Choosing the right mortgage rate can be confusing. Rates move frequently and a small difference can mean you have to pay hundreds more or less over time. A mortgage is the most consequential financial commitment a lot of people will ever make in their lives. This is why it is so important to learn how rates are calculated and what types of things impact a rate.
There is less mystery about loans and interest rates than you might think, but with a few key things to know. This way, you know if the advice is coming from a “full spectrum of experts ” and how to pick the best mortgage rate for your specific situation. Plain, sensible advice without all the expert lingo.
Understanding Mortgage Rates: Fixed vs. Adjustable
Mortgage rates fall into one of two primary types: fixed or adjustable. On a fixed-rate mortgage, the interest rate remains constant through the life of the loan. So, your monthly payments will remain the same, making it easier to plan. Are you a cloying person (like me) who likes to keep everything the same way round no matter what happens next, or do you, like the marginal few and those that think adventuring is for other people, fix your rate and will be there in 30 years’ time?
Adjustable-rate mortgages (ARMs), in contrast, can offer a low initial rate for a fixed term, typically 5, 7, or 10 years. After that, it may fluctuate annually with the market. This might make for lower payments in the beginning, but it also means you face higher potential payments down the road. For buyers who expect to move or refinance before the rate adjusts, ARM’s could be an appealing choice.
The answer as to which of the two you should use will entirely depend on your financial standing and plans for the same. Fixed rates are safer in that you can have fixed, predictable payments. If you can stomach a bit of uncertainty and are motivated to save cash in the short term… this might BE for YOU.
Just keep in mind, there is a range of mortgage rates between loan types and among lenders because of offers that change over time due to market conditions. You can click here to compare your options carefully. There are key concepts, and learning these basics will allow you to make better decisions so that you’re not faced with a surprise down the road.
Factors That Affect Your Mortgage Rate
We know that your financial profile is FAR more important than the market when it comes to what rate you get on your mortgage. The most influential is your credit score. The rate the lenders would offer you is better if your score is higher. Even a modest bump in improvement of five or ten points can save you thousands throughout the life of your loan.
How large a down payment also factors in. The more money you can front, the less risky a borrower you are, and that often equals a lower rate. Housing Tip #4: Avoid extra costs by making a down payment of 20% or more, which can save you money on the cost to borrow, and eliminate (for many) the need to purchase private mortgage insurance [PMI].

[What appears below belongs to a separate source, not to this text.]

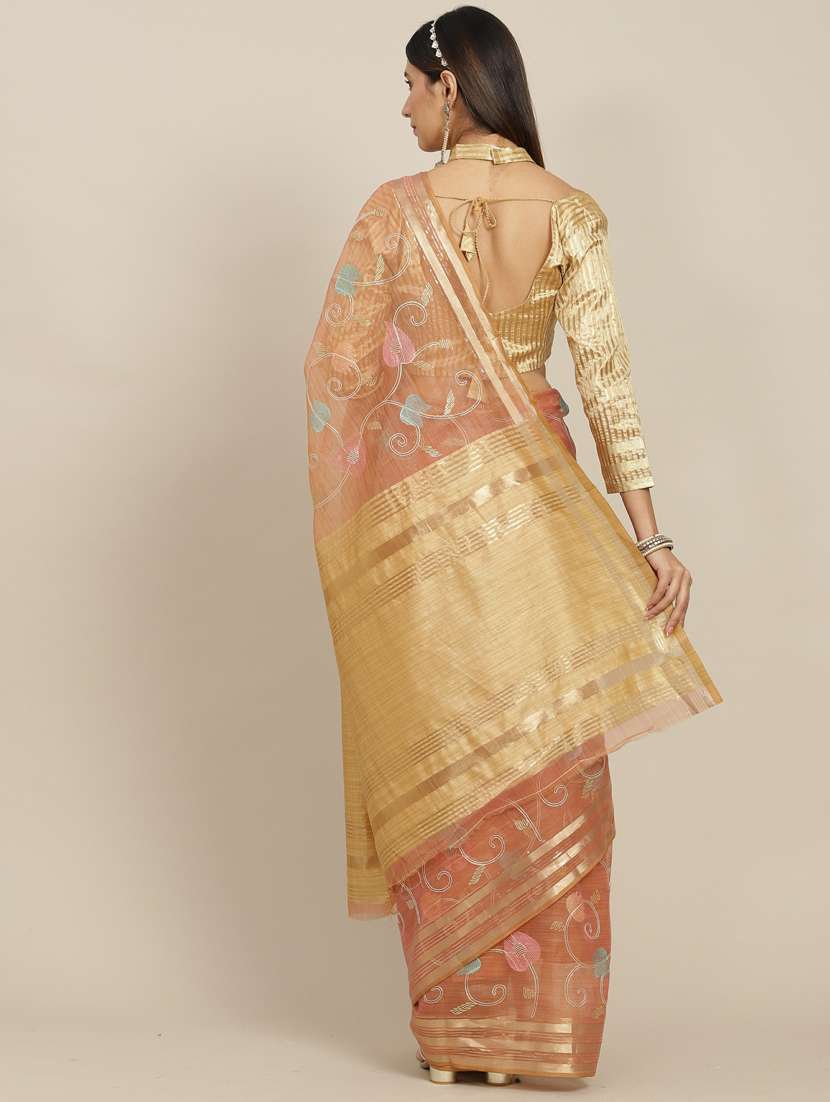 women's self design peach colored saree with blouse - 19473548 -  Standard Image - 1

Rates also depend on loan amount and type of property. Jumbo loans, which are over conforming limits, they’re riskier for lenders and often carry higher rates. In most cases, an investment property or second home will carry a higher rate than a primary residence because they represent riskier collateral.
Finally, a big part is the atmosphere of the entire economy. The interest in mortgages mimics wider financial markets, tied to inflation expectations, Federal Reserve policy, and yields on Treasury bonds. However, you have no control over this, but it does help identify when is best to lock in a rate.
That is why shopping around with a few different lenders is so important. For the exact same credit profile, they might give you different rates and fees. When you get quotes from multiple agents, you can make sure you are getting a good deal and do not miss out on possible savings.
How to Lock in a Good Mortgage Rate
Mortgage rates fluctuate daily, sometimes hourly. So when you are buying a home, timing is everything. Lenders offer a rate lock to protect you against the impact of interest rates. What this means is that it locks in a certain rate for the loan processing period, usually about 30-60 days.
If you have a feeling that rates will go up or if doing so would give you peace of mind during the closing process, it might be a good idea to lock your rate. But rate locks do not come without cost: some lenders do charge for locks, particularly those extending beyond a 60-day limit. Make sure you know what these costs are in advance
It is also difficult to time the lock. Otherwise, you could be locking way too early (and losing out when rates do drop). Wait too long, and rates could be sky high. Most experts recommend MCRs keep a watchful eye on the market trends, and work very closely with their lender or mortgage broker before deciding when it’s best for their situation.
A “float down” option is something that some lenders provide. Allows you to lock in your rate but potentially get a lower one if rates go down before closing. This is why free cancellation works as a nice insurance to have, but that often just comes with an additional cost.
Get all of that in writing, too. Verify the length of your rate lock, if there are any costs, and what will happen or what you need to be aware of if your loan doesn’t close on time. Knowing those, and being upfront, will prevent surprises and guarantee a good deal. Some main takeaways regarding rate locks are:
- When your refinancing is loan locked, it means that you have a set period (usually 30-60 days) where you are guaranteed your mortgage rate and can close at the same rate.
- Peaks during the rate lock window are protected
- Rate lock fees: Agree on a longer term, and there could be a fee.
- The key is timing your lock correctly — too soon or too late, and it will cost you.
- The good news is that many lenders have provisions called “float down” options where you can still take advantage of falling interest rates for a fee after locking.